Two of the women said they felt pressured by senior officers to report allegations of domestic abuse or assault even though they had little faith in a positive outcome and were concerned that reporting would put them at risk of retaliation.

In one case, the victim reported being under duress from her immediate boss after being assaulted by a colleague at a social event. “They literally said to me, in a sort of sarcastic voice: ‘We all have to do our bit to stop the next Wayne Couzens.’ My jaw just hit the floor,” she says.

After she reported the assault, a more senior officer told her the case would not be pursued because she had been drinking and dancing with the perpetrator prior to the assault. “They pretty much blamed me for what he’d done,” she says.

In 2020, Laura*, 36, transferred forces and moved 200 miles to escape her officer ex. He had been controlling while they were together but, she says, his abuse escalated after their break-up: he filled up her phone with threatening and pleading voice notes and constantly posted items, including a knife, to her home. “Sometimes he was sitting on the step when I got back. I was scared every minute of every day,” she says.

She never officially reported his abuse, she says, because colleagues who knew about the behaviour downplayed it or emphasised what a good friend her ex-partner was.

“When I moved I felt like I could breathe again. It was like life was draining back into me,” she says. But two years later she received a late-night phone call from a withheld number – not, as Laura initially feared, from her former partner but from her former boss.

“[They] said: ‘We have to look like we’re rooting these guys out now’, since the Everard case. They said it was my duty to report his past behaviour, even though I explained it could trigger him again and possibly expose where I’d gone. They told me I ‘owed it to Sarah Everard’.”

Laura says she understands “in the abstract” that officers have a duty to report any crime they experience. “But on the other hand I have to look out for myself and my own safety - and I just didn’t trust that it would make anything better for me… It didn’t seem to me like much had actually changed internally, except that people talked more about looking like we were doing something [about violence against women].”

A few months later, having had no updates on her report, Laura began receiving threatening text messages from an unknown number that she believes belonged to her ex. She updated the complaint with her former force and received a holding email in response. Her new bosses were supportive, she says, but reluctant to interfere in another force’s investigation.

‘I hoped what happened to Sarah would lead to real change. I haven’t seen any evidence of that’

‘I hoped what happened to Sarah would lead to real change. I haven’t seen any evidence of that’

Jodie, police officer

Five years on from Everard’s murder and the promise of widespread reform, the women are pessimistic about how much has actually changed in policing. Three have since left the force, traumatised by their experiences and with little faith that they will ever see justice.

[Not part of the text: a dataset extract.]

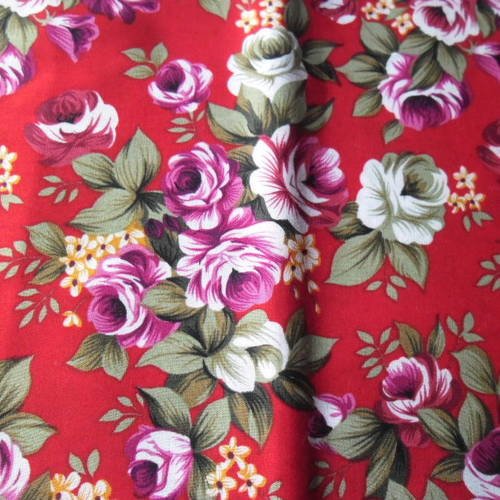 50 x 50 cm coupon de tissu coton patchwork rouge motif fleur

Harriet Wistrich, CEO of the Centre for Women’s Justice, which submitted a 2020 super-complaint into the issue of police-perpetrated abuse, said she was not surprised “that women are still being failed and victimised, as we are seeing these patterns persist despite all the reforms”. But, she said, it was “shocking they are using Sarah Everard’s name to justify their treatment of these women”.

A spokesperson for the NPCC told The Observer that while policing had taken “significant action” on misconduct, vetting and values, “we know there is more for us to do and further for us to go”.

As far as Jodie is aware, her former partner was never revetted – or at least she never saw him face any consequences for the allegations she made against him. She still works in policing, but the years since Everard’s murder have been some of the hardest of her career.

“It broke my heart what happened to Sarah,” she says. “I hoped it would lead to real change for victims like me who could relate to her. But I haven’t seen any evidence of that yet.”